You are the faculty director of the University of Chicago’s Forum for Free Inquiry and Expression. Please tell us about the forum and its purpose.

The Forum for Free Inquiry and Expression is a new initiative that the university developed under President Paul Alivisatos to take forward our 130-year-old tradition of promoting free and open discourse to meet the challenges of the current era. It’s to deepen understanding and practice of free speech.

Has the forum played any particular role in moderating the discord that has occurred on campuses around the Hamas-Israel war?

We happened to launch on Oct. 6 and woke up the next day to this new environment. So, it’s not like we have an established program that we can deploy, though I have given a couple of lectures on the conflict and speech in this environment. We are trying to educate people on the underlying issue.

But in a couple of ways we (UChicago)were well-prepared as all these things about universities’ statements, presidents’ statements emerged.  We have a longstanding policy that the university is just not supposed to speak out. We are somewhat advantaged in that way and some schools are looking to us as a model.

Why is there such a policy in place, particularly as organizations are increasingly being expected to take stands on political and social issues?

In general, we of course can express empathy with our students, tell them about the resources available to them. But the vision of the Kalven Report is that you can do that, but you shouldn’t take positions on issues of the day. 

The basic idea of the report is who is the “we” the leadership would be speaking for? Our “we” is plural. We don’t allow our leaders to impose orthodoxy. Our contention is you would be squelching the incentive to inquire among faculty and students. It doesn’t mean the university is neutral. It means that the position of the university consists of what is said by its body of citizens and members rather than a moral authority.

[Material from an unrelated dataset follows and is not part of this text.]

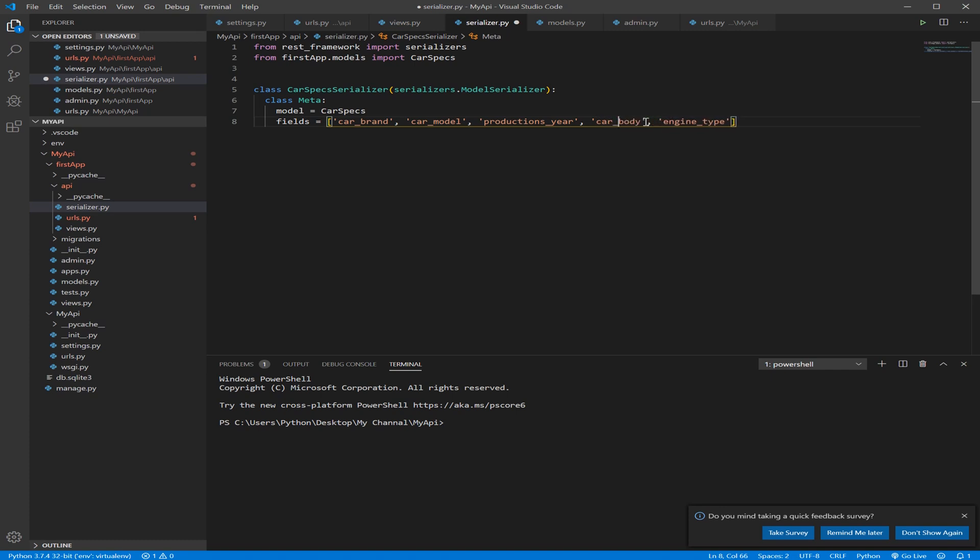So that's it guys, we wrote our class Serializer class. We told the Serializer class that you need to deal with this model, the car specs, and we give it the fields that needs to be serialized. The next tutorial we're gonna add the view, class-based view which is view sets, and we gonna implement the Serializer and our views and see how it works. So thanks guys for your time and until the next tutorial.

While the attacks on Israel and ensuing war were a shock, should we be surprised at the kind of discord and vitriol playing out on campuses around it?

This conflict has led to a crisis over free speech. In some sense, I feel like what’s happened in the last month, which is very restrictive of free expression, is the culmination of years of buildup, where students’ feelings are super important. We recognize that is a genuine concern. But the impulse to suppress free speech because it might hurt someone’s feelings is fully evident.

What’s interesting is that most of the repression has been on the left, which (in the past) has wanted to repress others in the interest of feelings and such. This was reflected in the idea that we were going to get someone canceled or fired for public speech or perhaps mischaracterizing something in scholarship. That’s been going on from both sides for about a decade. And certainly, some of the younger people who have much more pro-Palestinian views are experiencing the repression they were promoting. That is part of cancel culture.

Where do you draw the line between free speech and hate speech?

What’s antisemitism? What’s Islamophobia? These are not self-defining terms and people have different views on them — and what the line is open to public debate. Having people have actual conversations is ultimately the goal. We have to figure this out, to model how people can talk about different points of view and give people skills in listening and communicating with people in a non-violent way. That doesn’t happen on its own.

What is the role of universities in drawing that line?

Free expression is a misnomer. You actually have to build structures so that can happen. I am worried if universities don’t build cultures of free expression, not only won’t we have general knowledge, but we won’t be equipping adults to go out in the workplace and work with people who have differing points of view. Universities also have a special duty to allow students to make mistakes to test ideas out with the stakes being relatively low. I think we have to reintroduce that.

Why is this topic spurred such virulent divisions among students?

There are two issues. There is the underlying conflict in Israel and Palestine, and that’s where people feel like it’s a zero-sum game, in which we have to pick our team. As someone who has studied the conflict for 30 years, my view is there is plenty of blame to go around, but people are not willing to say that.  The other problem is that everyone feels the need to weigh in on every issue.  This is a conflict that dates back more than 120 years and is 6,000 miles away, that few people really understand. It is a dangerous position to say “silence is violence” here.

Most people in universities should have the epistemic humility to just be quiet. You don’t have to tweet. You don’t have to take legal terms like “genocide” and “terrorist” and pretend you have something original to say about them. People should be more in a posture of learning, but that’s not what the culture is today. Moving outside of this issue, I find the idea that everyone has an opinion about everything a bit problematic: it tends to lead to argument rather than actual learning.  If we don’t get this right, no one is going to say anything or learn anything and then we’re doomed as a society.